A second remark is that the authors made no distinction between different growth patterns of breast cancer, as described earlier by Colpaert et al.3 However, the recognition of growth patterns of malignant tumours is of crucial importance when evaluating (lymph)angiogenesis: breast carcinomas with an expansive growth pattern form a well circumscribed nodule consisting of carcinoma cells and desmoplastic connective tissue with ongoing angiogenesis, whereas breast carcinomas with an infiltrating growth pattern grow between pre-existing structures and co-opt blood vessels without disturbing the tissue architecture.3 In addition, liver metastases of breast cancer have a very high density of blood vessels, but this is a result of the co-option of pre-existing liver sinusoids and not the result of angiogenesis.4
We recently studied the presence of lymphangiogenesis in 31 breast carcinomas by double immunostaining for the proliferation marker Ki-67 and the lymph endothelial cell marker LYVE-1, taking into account the growth pattern.5 Intratumorous lymph vessels were present in eight of 10 breast carcinomas with an infiltrating growth pattern.
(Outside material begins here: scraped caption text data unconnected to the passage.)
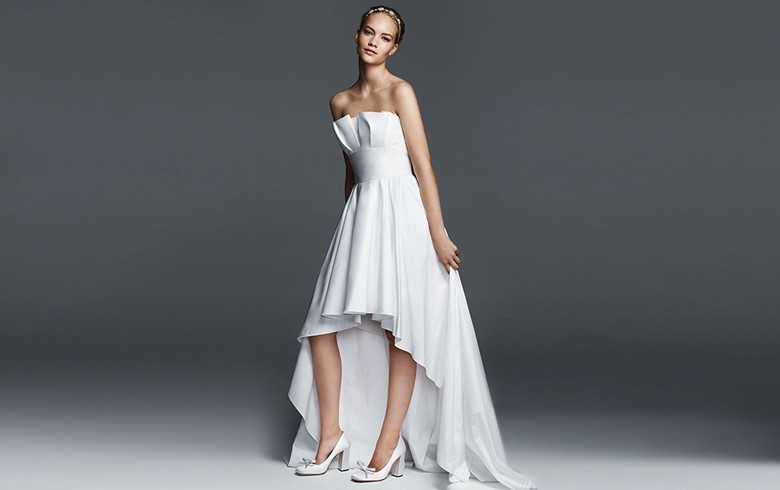 max mara, sposa, abito da sposa, bridal, 2016,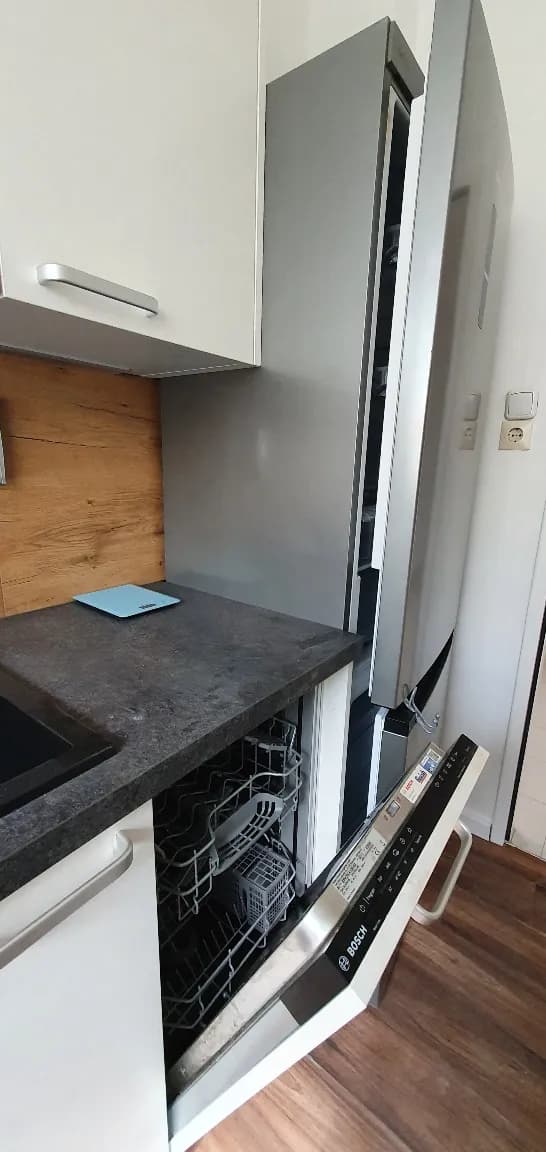 2-Zimmer-Wohnung mieten in Baden – 54 m², € 895 – Bild 5 von 9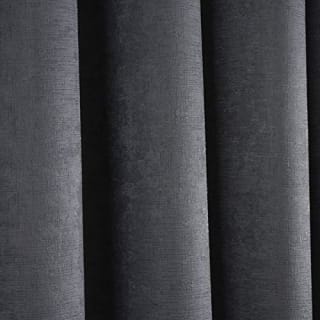 Fusion Strata - Par de cortinas 117 x 137 cm por 8,34€ en Amazon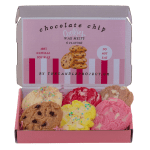 Chocolate ChipCookie Box TheCandleProject Wax Melts 20x13cm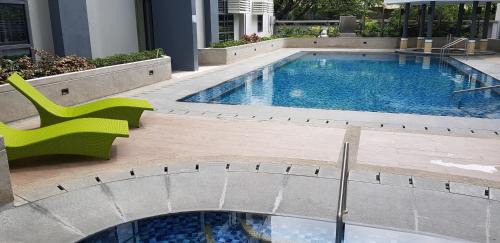 Pinagsama Apartment | 5E Tower 2 Viceroy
In breast carcinomas with an expansive growth pattern, intratumorous lymph vessels were present in only seven of 18 cases (p = 0.04). Proliferating lymph endothelial cells were seen in 15 of 31 breast tumour specimens in the tumour parenchyma and at the tumour–breast tissue interface. Fractions of proliferating lymph endothelial cells ranged from 0% to 11.4%. Thus, lymphangiogenesis is ongoing during breast cancer growth and its extent depends on the tumour growth pattern. In the same study, higher mRNA expression of lymphangiogenesis related factors (vascular endothelial growth factor C (VEGF-C), VEGF-D, VEGF receptor 3; assessed by quantitative real time reverse transcription polymerase chain reaction) in inflammatory breast cancer versus non-inflammatory breast cancer correlated with higher fractions of proliferating lymph endothelial cells. The presence of this positive association between the expression of lymphangiogenic factors and the fraction of proliferating lymph endothelial cells is at variance with the hypothesis stated by Vleugel et al that inhibitors completely counter the lymphangiogenic signal in breast cancer.1
In addition, a methodological issue that needs further investigation is whether the expression of LYVE-1 is downregulated by the presence of breast cancer cells, as suggested by Stessels et al and by Williams et al.4,6 If this is true, slight variations in immunostaining protocols might be responsible for false negative results of intratumorous lymph vessel assessment.
In conclusion, our results are in favour of ongoing lymphangiogenesis during breast cancer progression, the extent of this process being modulated by the growth pattern, and advocate the assessment of the lymph endothelial cell proliferation fraction as a measure of lymphangiogenesis.